«Au sein de l’Administration américaine, beaucoup sont motivés par une haine anti-iranienne, mais d’autres font de la Chine le principal ennemi. Les États-Unis mènent donc une guerre sur deux fronts avec les sanctions», affirme Amélie Myriam Chelly.
L’auteur de l’ouvrage L’Iran, autopsie du chiisme politique (Éd. du Cerf) explique à Sputnik comment les sanctions qui frappent Téhéran ne peuvent manquer de toucher aussi Pékin, son premier partenaire économique.

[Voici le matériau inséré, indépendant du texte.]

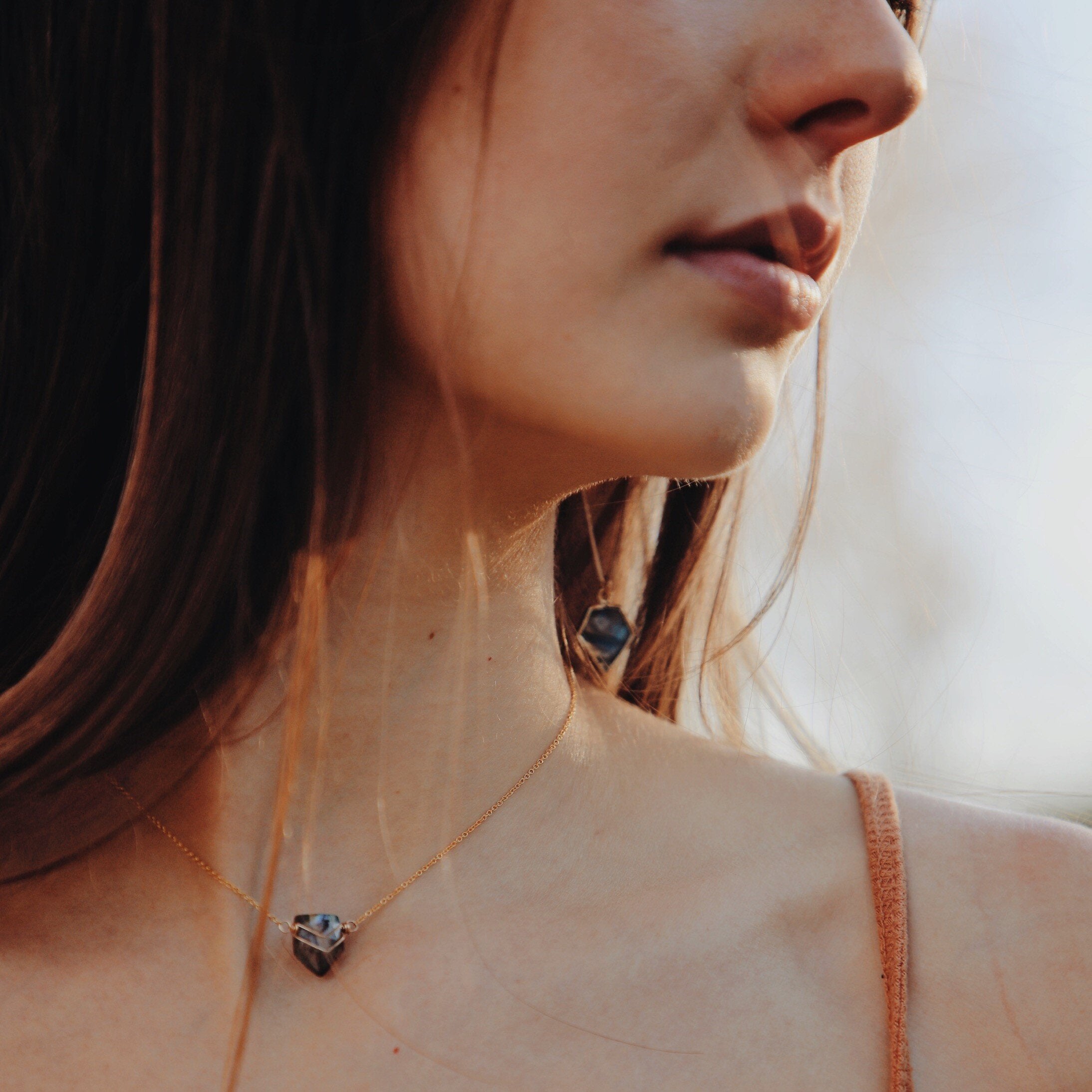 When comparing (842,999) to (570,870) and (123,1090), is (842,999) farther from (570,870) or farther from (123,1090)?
(123,1090)

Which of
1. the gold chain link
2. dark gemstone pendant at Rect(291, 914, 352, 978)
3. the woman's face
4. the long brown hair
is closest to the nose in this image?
the woman's face

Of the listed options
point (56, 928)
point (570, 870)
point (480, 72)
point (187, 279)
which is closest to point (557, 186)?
point (480, 72)

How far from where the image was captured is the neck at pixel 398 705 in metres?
1.30

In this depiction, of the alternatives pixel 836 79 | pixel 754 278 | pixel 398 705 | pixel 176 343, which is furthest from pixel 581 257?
pixel 398 705

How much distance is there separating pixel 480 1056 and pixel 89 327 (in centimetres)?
94

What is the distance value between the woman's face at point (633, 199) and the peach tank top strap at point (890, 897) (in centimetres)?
50

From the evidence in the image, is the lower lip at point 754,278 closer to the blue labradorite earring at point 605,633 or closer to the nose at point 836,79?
the nose at point 836,79

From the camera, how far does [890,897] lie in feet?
4.22

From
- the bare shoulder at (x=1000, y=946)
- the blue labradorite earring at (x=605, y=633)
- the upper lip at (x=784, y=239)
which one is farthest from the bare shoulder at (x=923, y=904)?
the upper lip at (x=784, y=239)

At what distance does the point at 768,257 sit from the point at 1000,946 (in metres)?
0.81

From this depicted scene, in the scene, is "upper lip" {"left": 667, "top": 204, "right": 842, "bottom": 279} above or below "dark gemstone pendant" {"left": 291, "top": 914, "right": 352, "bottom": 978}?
above

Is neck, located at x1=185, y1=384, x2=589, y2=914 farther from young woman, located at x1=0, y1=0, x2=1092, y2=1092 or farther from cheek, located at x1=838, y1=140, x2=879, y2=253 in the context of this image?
cheek, located at x1=838, y1=140, x2=879, y2=253

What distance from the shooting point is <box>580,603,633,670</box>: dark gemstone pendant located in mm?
1671

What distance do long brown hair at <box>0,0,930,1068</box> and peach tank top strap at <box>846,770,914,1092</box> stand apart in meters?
0.69
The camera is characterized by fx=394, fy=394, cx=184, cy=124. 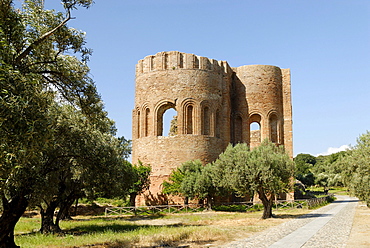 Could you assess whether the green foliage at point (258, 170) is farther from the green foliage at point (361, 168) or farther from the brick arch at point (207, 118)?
the brick arch at point (207, 118)

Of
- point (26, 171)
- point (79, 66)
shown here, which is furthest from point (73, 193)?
point (79, 66)

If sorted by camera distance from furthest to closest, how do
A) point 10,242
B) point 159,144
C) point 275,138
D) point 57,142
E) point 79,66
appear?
point 275,138, point 159,144, point 57,142, point 10,242, point 79,66

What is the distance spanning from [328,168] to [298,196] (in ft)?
90.6

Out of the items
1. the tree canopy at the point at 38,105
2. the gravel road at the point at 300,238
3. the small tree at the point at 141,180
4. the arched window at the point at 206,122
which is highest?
the arched window at the point at 206,122

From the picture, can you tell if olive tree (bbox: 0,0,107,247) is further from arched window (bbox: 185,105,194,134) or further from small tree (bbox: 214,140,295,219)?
arched window (bbox: 185,105,194,134)

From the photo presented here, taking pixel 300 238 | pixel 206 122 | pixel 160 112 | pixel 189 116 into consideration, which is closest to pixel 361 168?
pixel 300 238

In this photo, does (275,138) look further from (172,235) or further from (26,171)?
(26,171)

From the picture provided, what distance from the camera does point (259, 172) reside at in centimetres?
1959

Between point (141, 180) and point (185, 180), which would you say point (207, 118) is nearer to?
point (185, 180)

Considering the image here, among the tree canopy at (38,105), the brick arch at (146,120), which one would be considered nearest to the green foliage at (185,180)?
the brick arch at (146,120)

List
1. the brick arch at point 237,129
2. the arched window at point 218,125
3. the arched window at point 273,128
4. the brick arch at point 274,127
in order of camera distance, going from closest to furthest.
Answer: the arched window at point 218,125 < the brick arch at point 274,127 < the arched window at point 273,128 < the brick arch at point 237,129

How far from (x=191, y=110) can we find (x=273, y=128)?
811 centimetres

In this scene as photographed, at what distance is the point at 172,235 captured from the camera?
41.6 feet

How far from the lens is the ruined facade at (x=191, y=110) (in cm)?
3059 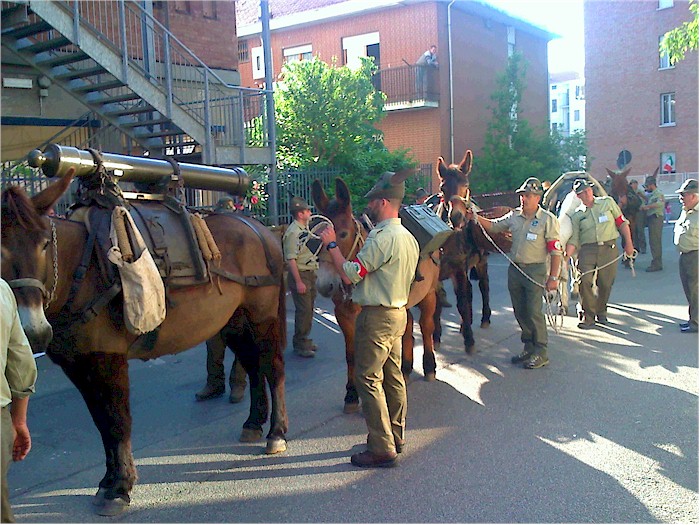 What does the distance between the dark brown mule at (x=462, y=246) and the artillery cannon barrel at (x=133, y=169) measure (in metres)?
2.84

«Les sanctions visent bien évidemment le peuple iranien, mais elles s’inscrivent dans une échelle plus large, à savoir la guerre économique contre la Chine», avance Amélie Myriam Chelly.
C’est la théorie de la «Silver bullet» préconisée par Obama à l’occasion du conflit en Syrie: les sanctions étaient alors vues comme une forme de «solution miracle», permettant de contraindre l’ennemi à négocier, voire à s’en débarrasser sans avoir recours à la force militaire. Dans le cas iranien, cette «balle d’argent» des sanctions servirait donc à frapper deux ennemis d’un coup: Téhéran –poussé à revenir à la table des négociations– et Pékin –gêné dans ses approvisionnements en hydrocarbures iraniens–.
Sanctions US: d’une pierre deux coups
Ce n’est donc pas seulement l’enrichissement d’uranium iranien à des fins militaires qui est dans le collimateur de Washington, même si l’on apprenait le 9 février dernier de l’Agence internationale de l’énergie atomique (AIEA) que l’Iran avait démarré la production d’uranium métal, nouvelle étape vers la fabrication d’armes nucléaires.
La Chine est en effet devenue le principal partenaire économique de l’Iran, ce qui contrarie fortement Washington. En juillet 2020, les deux pays ont signé une coopération stratégique dans le domaine commercial et militaire pour une durée de 25 ans, et ce, en contrepartie d’un gaz et d’un pétrole décotés, vendus 30% moins cher que sur le marché. Pékin et Téhéran, malgré leurs divergences politiques (l’un est un régime communiste, l’autre une théocratie musulmane), veulent lutter contre l’unilatéralisme américain.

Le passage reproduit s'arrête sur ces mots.